== Given records ==
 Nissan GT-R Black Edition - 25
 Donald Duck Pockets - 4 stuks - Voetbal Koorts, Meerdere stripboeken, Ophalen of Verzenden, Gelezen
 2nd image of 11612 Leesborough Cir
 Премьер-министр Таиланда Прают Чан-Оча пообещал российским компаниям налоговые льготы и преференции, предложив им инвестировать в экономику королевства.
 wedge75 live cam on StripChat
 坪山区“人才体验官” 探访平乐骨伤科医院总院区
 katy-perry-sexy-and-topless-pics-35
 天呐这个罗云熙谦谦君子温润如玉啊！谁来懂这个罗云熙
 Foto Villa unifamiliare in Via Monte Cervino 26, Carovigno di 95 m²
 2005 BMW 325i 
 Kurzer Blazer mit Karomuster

== Task brief ==
Reproduce exactly the line containing "2nd image of 11612 Leesborough Cir" and every line after it through the end of the records above, and nothing else.

== Problem solution ==
 2nd image of 11612 Leesborough Cir
 Премьер-министр Таиланда Прают Чан-Оча пообещал российским компаниям налоговые льготы и преференции, предложив им инвестировать в экономику королевства.
 wedge75 live cam on StripChat
 坪山区“人才体验官” 探访平乐骨伤科医院总院区
 katy-perry-sexy-and-topless-pics-35
 天呐这个罗云熙谦谦君子温润如玉啊！谁来懂这个罗云熙
 Foto Villa unifamiliare in Via Monte Cervino 26, Carovigno di 95 m²
 2005 BMW 325i 
 Kurzer Blazer mit Karomuster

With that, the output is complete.